Was going through my videos and came across this one and was reminded of this thread!



This is the view from my downstairs window, but I have sat out on the patio many times while the badgers are in the garden. They will happily have a sniff round for food, knowing I'm there the whole time. :mrgreen:

Quite often see young ones too, I think the most badgers at once was about 4, it's great to see. It's a shame so many of you aren't as lucky as me.

Also, do occasionally get a fox and a badger in the garden at the same time, did manage to film that once too but have no idea where that is!


----------



## Zoo-Man (Apr 12, 2008)

xXFooFooLaFluffXx said:


> someone in the vet thought that our skunk was a badger, lol


On seeing me with my 2 ferrets on leads in the front garden one day, a man walking past asked if they were badgers!
:lol2:


----------



## MrsP (Apr 13, 2008)

emrawkgrrl said:


> Was going through my videos and came across this one and was reminded of this thread!
> 
> 
> 
> ...


Wow!! That is ace! 

I can't complain, I've got a menagerie of lovely domestic pets and skunk on my lap fast asleep.

But I would love to see more badgers, might seriously look at volunteering for a local rescue, although work is quite demanding.


----------



## Talk To The Animals (Jan 10, 2008)

Matt Lusty said:


> If it was an American site, they were probably talking about honey badgers or there native american badgers.

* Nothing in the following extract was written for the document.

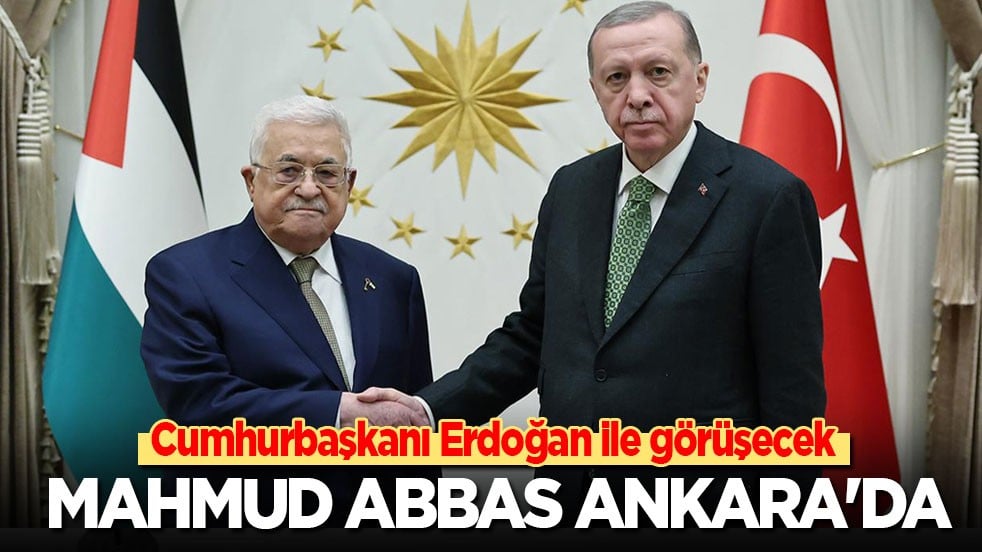 Filistin Devlet Başkanı Abbas Ankara'da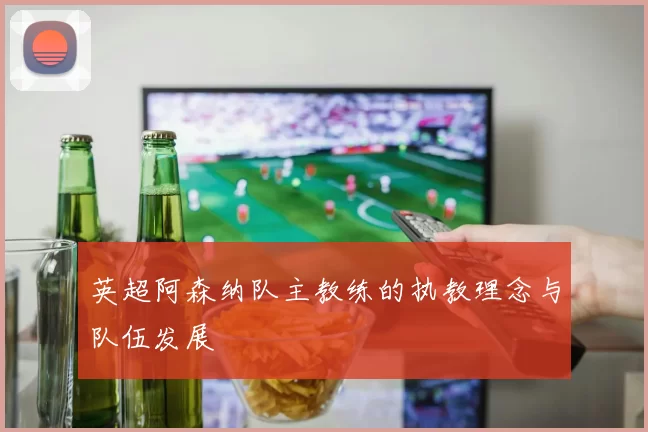 英超阿森纳队主教练的执教理念与队伍发展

From what I understand, honey badgers especially can make attentive pets and can be trained, rewarded and punished like dogs can
> 
> Not sure the good old British badger has the same affection. They can be incredibly aggressive and can give extrememly painful, horrifying bites and scratches.


Honey badgers are notoriously fearless and aggressive and would NOT make good pets!


----------